Tough Recruiting Week
Your humble writer is in a bit of a blue funk this week. For one thing, this week is the decision point for college football recruiting. High school players across the country will sign letters of intent to play football at various universities. The Razorbacks are having just an awful time of it.
Their rivals are locking in one all-star recruit after another. Many SEC schools are signing classes of young football players that are ranked in the top ten nationally. The Razorbacks are running dead last in the SEC in recruiting this year. Even Vanderbilt is edging them out. That does not bode well for our grid iron fortunes over the next four or five years. We might get by with one weak class, but if we don’t do significantly better next year then we are in serious trouble down the road.
But that after all, is a game played with a ball. Politics has become a game played with the truth, and the consequences for not recruiting well are disastrous. It seems we have lots of candidates running for a couple of open seats, but quantity is not the same as quality. I question whether we the people are “recruiting well” in our efforts to get people of character and ability to seek out public office. And why should they? The system is such a mess, and the special interests are very well entrenched.
I can’t help but wonder if, for the Federal government at least, it is not too late for even good people to turn things around. And it’s not just me with the winter blues saying this. I heard House Minority Leader John Boehner just the other day say that “the federal government will not continue to exist” with spending at its current out-of-control rate.
Think about that. He literally said that the federal government of the Untied States will not exist anymore if it stays on its current path! And I see no indication that it will do anything but more of the same until the Chi-coms decide to quit loaning it the money that it uses to buy votes and pay off big donors. Maybe we better start thinking about how we could get on without them after they implode!
In related news, the courts have ruled that two provisions of the McCain-Feingold “campaign finance reform” law are unconstitutional. McCain-Feingold was definitely unconstitutional, so much so that apparently even a federal judge could see it.
The two main provisions the courts ruled unconstitutional were the ban against candidate criticism in the days leading up to an election, and a ban on corporate contributions.
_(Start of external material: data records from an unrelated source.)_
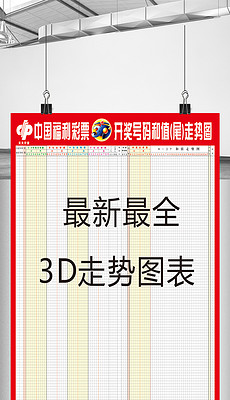 今晚3D开奖结果查询与走势图分析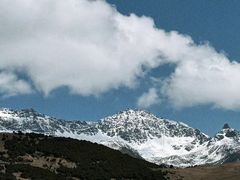 -亚拉雪山风景区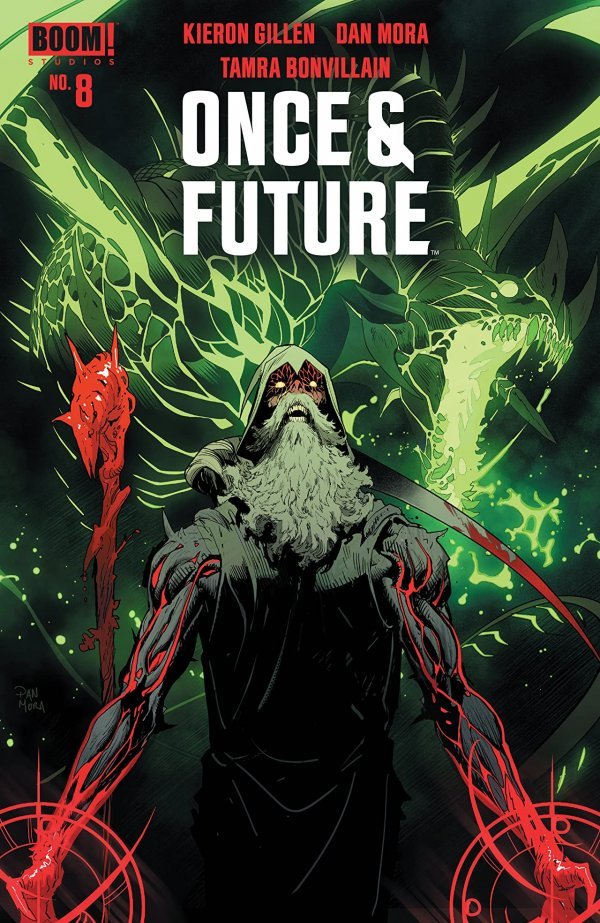 Once & Future #1-30 Main Cover Full Set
It is the ban on criticizing politicians before elections that I objected to. In principle I support a ban on corporate contributions to political campaigns. Corporations are not real persons, and they don't have natural, that is God-given, rights the way actual persons have. In spite of this, the way things are done now such giant artificial persons have more access to our political system than real persons do. Many of these corporations are global, not simply American, entities. They have no special loyalty to this country, yet they have inordinate influence in the political process. Big corporations are driving much of the government spending that Boehner spoke of as such a dire threat.
Contributions to politicians and causes should come from real persons only, in my humble opinion. With a few historical exceptions like the British East India Company, giant corporations are a recent phenomenon. Can government by, of, and for, the people can survive this new era?